Civil Rights Tour: Recreation - Seafarers Yacht Club

1950 M Street SE

The Seafarers Yacht Club of Washington, DC, established in 1944, is the oldest African American boat club on the East Coast and represents a step in the long process of equal access to public facilities.

Lewis T. Green, Sr., a gifted wood carver, lover of waterways, and vocational arts teacher in the DC Public Schools, built boats as a hobby. In his search for a place to dock one of his vessels—a 49-foot cruiser named Valeria—Green contacted the US Department of the Interior about leasing a section of the government-owned land along the Anacostia River. The Department of the Interior required that, before such a request could be reviewed, Green would need to establish a club. So, he and several others established the Seafarers Boat Club whose stated mission was to offer African Americans the opportunity to engage in the enjoyment of the waterways through safe boating and “gentlemanly sportsmanship.”

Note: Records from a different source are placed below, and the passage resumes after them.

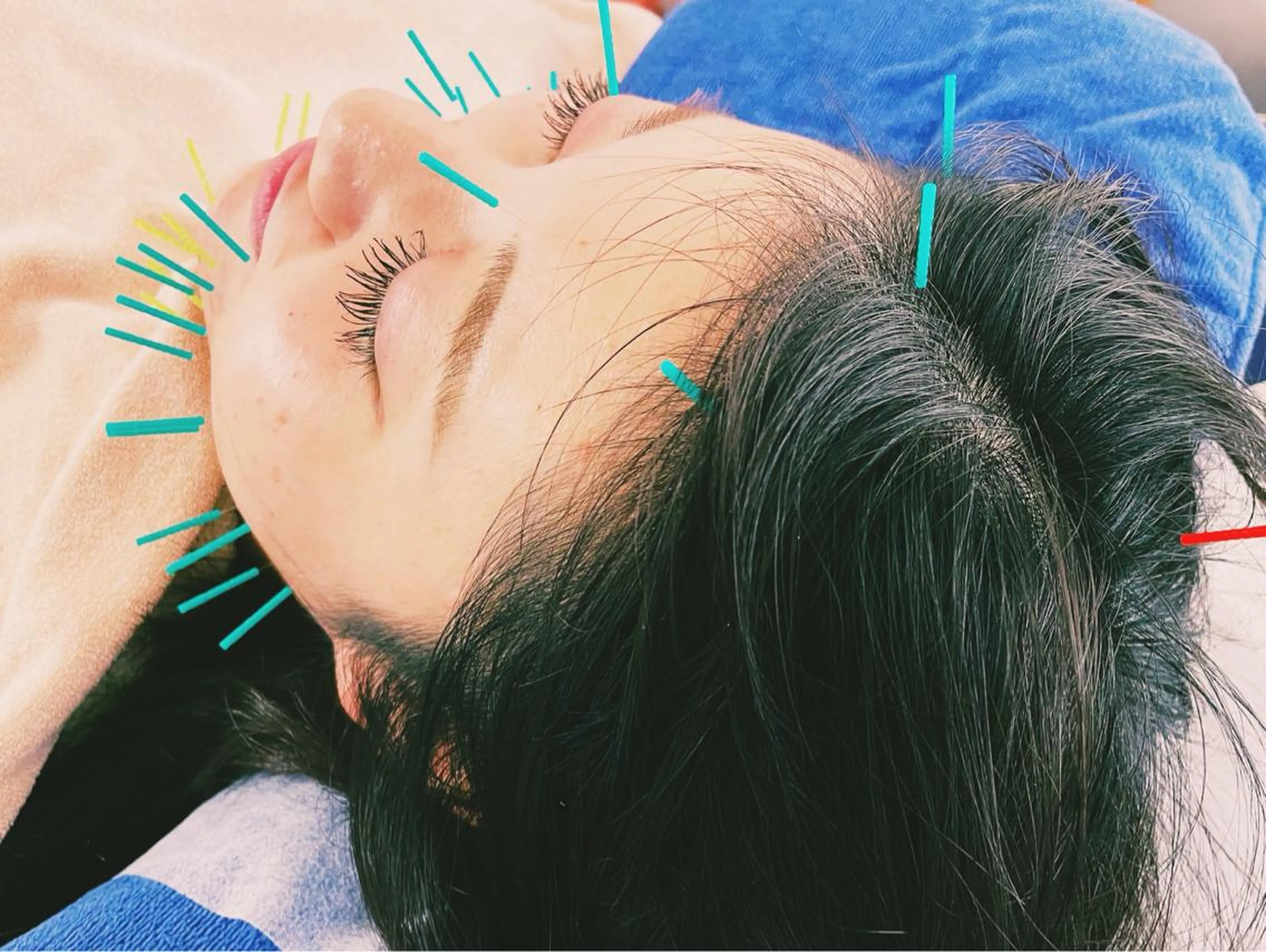 エステ リラク 小顔美容鍼専門サロン 渋谷YZのその他イメージ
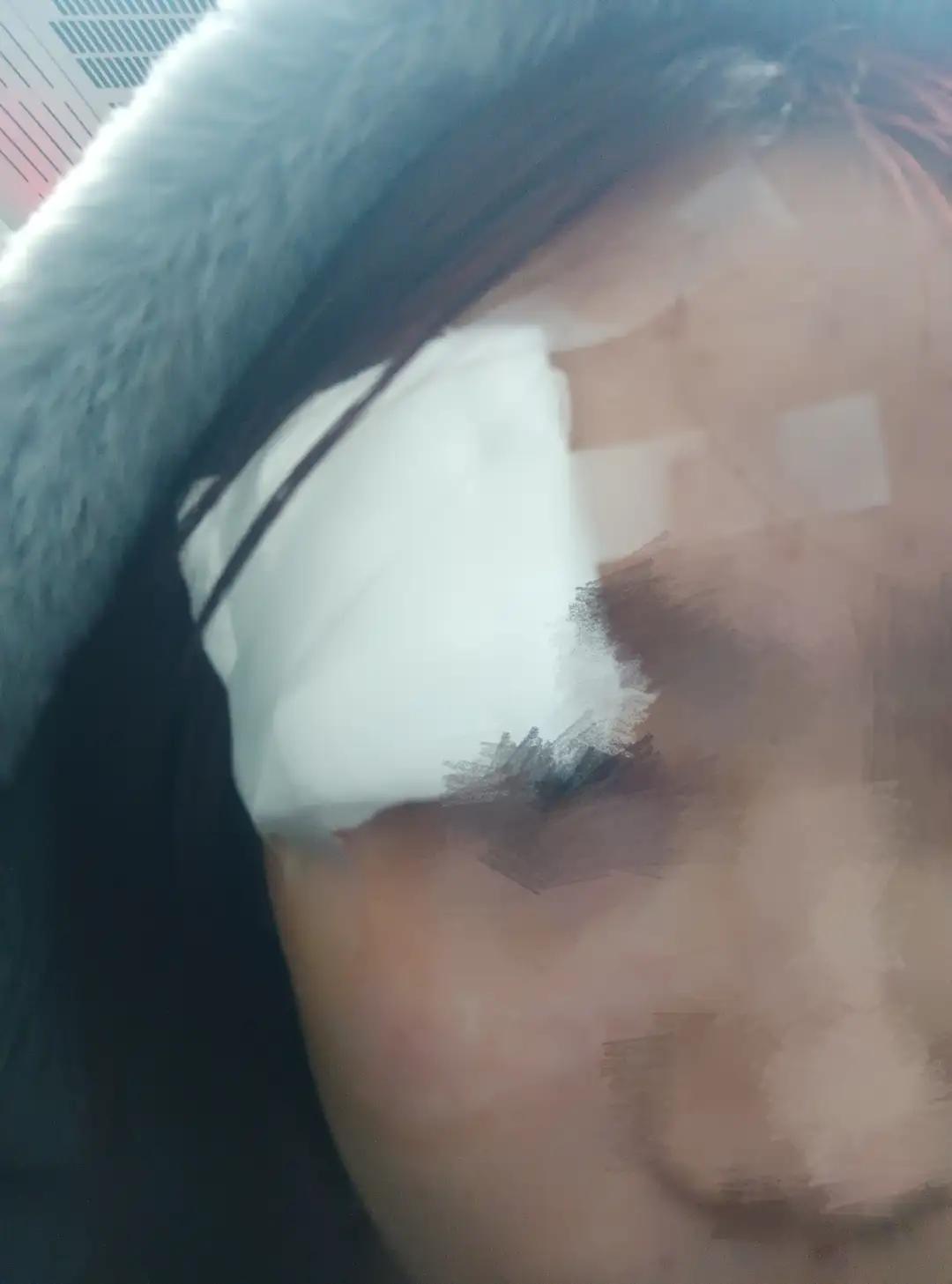 这篇报道讲述了一位女大学生在颐和园意外受伤后，得到一位陌生游客无私帮助的温暖故事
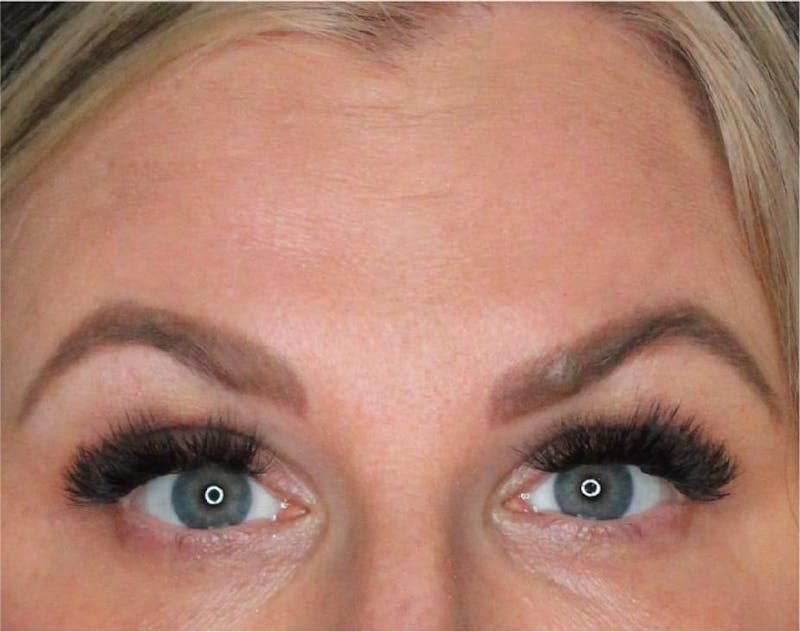 Wrinkle Relaxers Before & After Gallery - Patient 90700030 - Image 2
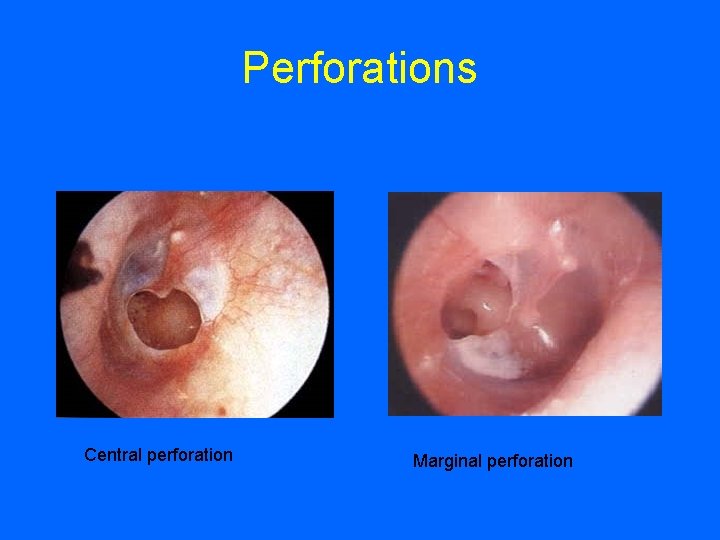 Perforations Central perforation Marginal perforation 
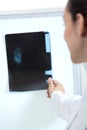Attractive young female doctor examining x-ray results Royalty Free Stock Photo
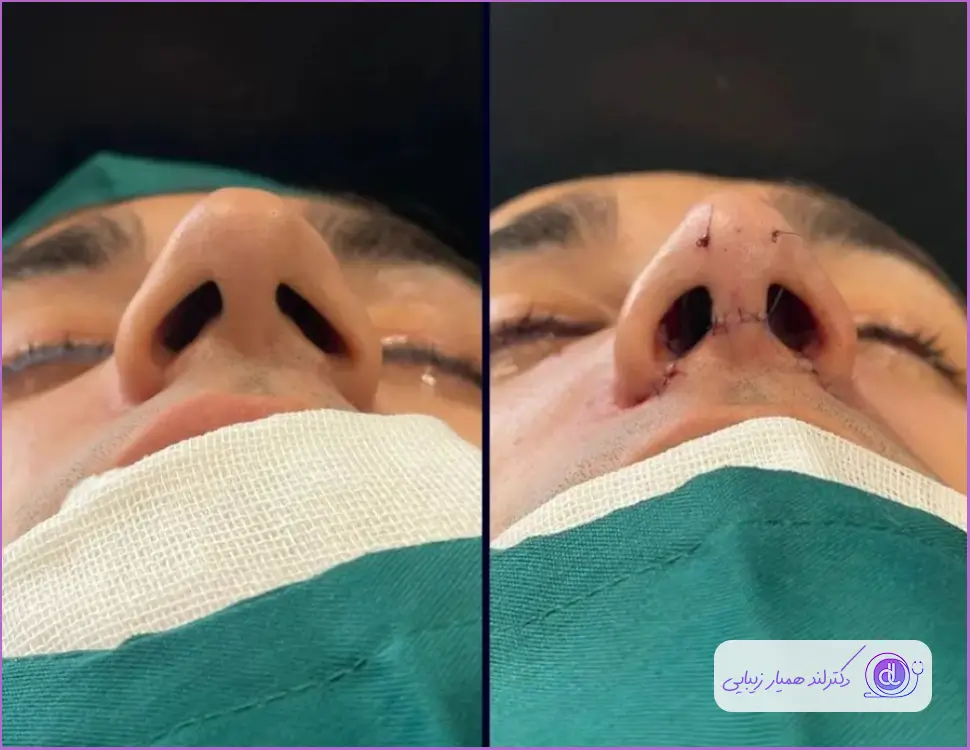 قبل و بعد جراحی بینی مردانه به روش بسته دکتر شاهین میلانی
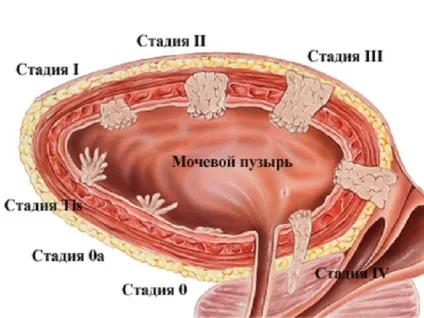 Поліпи в сечовому міхурі у чоловіків які симптоми і лікування (міхурі) Поліпи в сечовому міхурі у чоловіків які симптоми і лікування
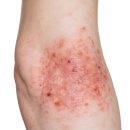 안산한의원 이미지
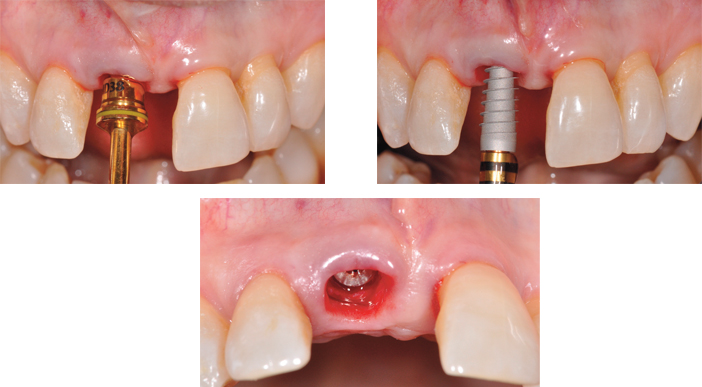 fig-4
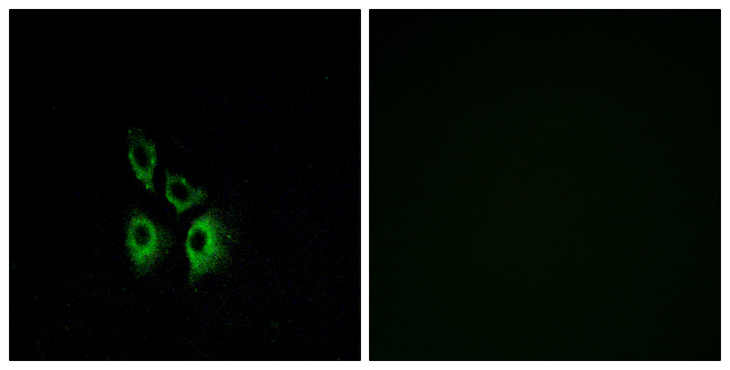 ADRA1A Antibody - Immunofluorescence analysis of A549 cells, using ADRA1A Antibody. The picture on the right is blocked with the synthesized peptide.
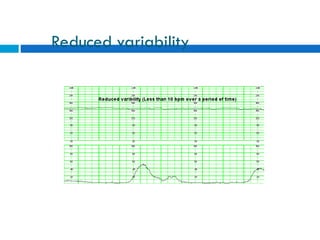 Comprehensive Guide to Intrapartum Fetal Heart Rate Monitoring and ...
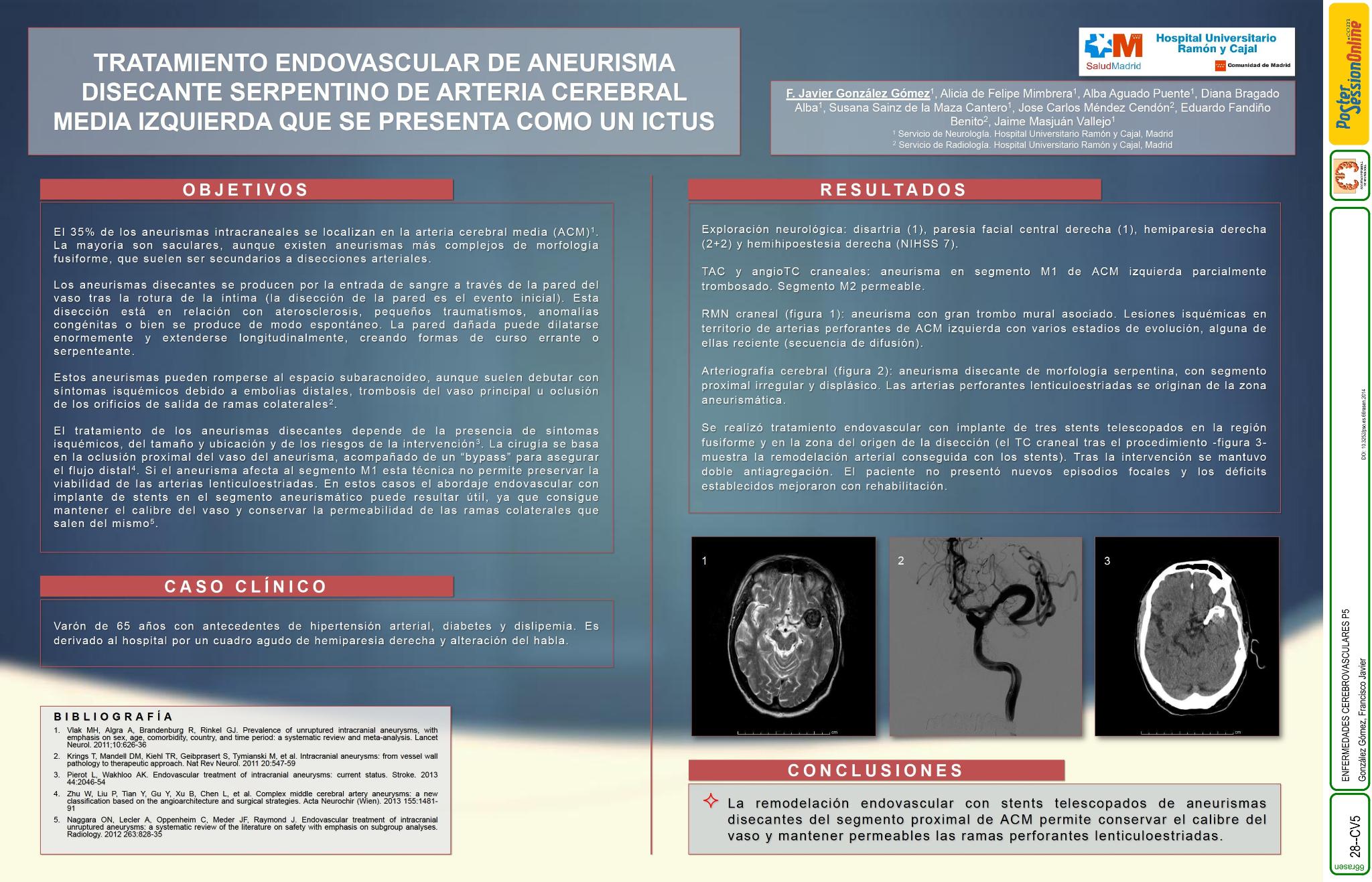 Tratamiento endovascular de aneurisma disecante serpentino de arteria cerebral media izquierda que se presenta como un ictus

Despite fulfilling its pre-requisite, the Department of the Interior ignored Green’s follow-up request to lease the land. Eventually, Mary McLeod Bethune, an advisor to both President Franklin D. Roosevelt and First Lady Eleanor Roosevelt intervened on his behalf, and the Department rented the club the site on the west bank of the Anacostia, between the Sousa and CXS Railroad bridges.

In 1965, the DC Mariners Club, established in the 1950s and in need of a yard and club house, took over Seafarers, retaining the latter's name. The boat club later changed its name to Seafarers Yacht Club.

The original members of Seafarers improved the marshy land and built docks and a clubhouse. Seafarers also promoted boating safety and engaged in community service projects such as the annual Anacostia River Cleanup Day, which the club initiated in 1985.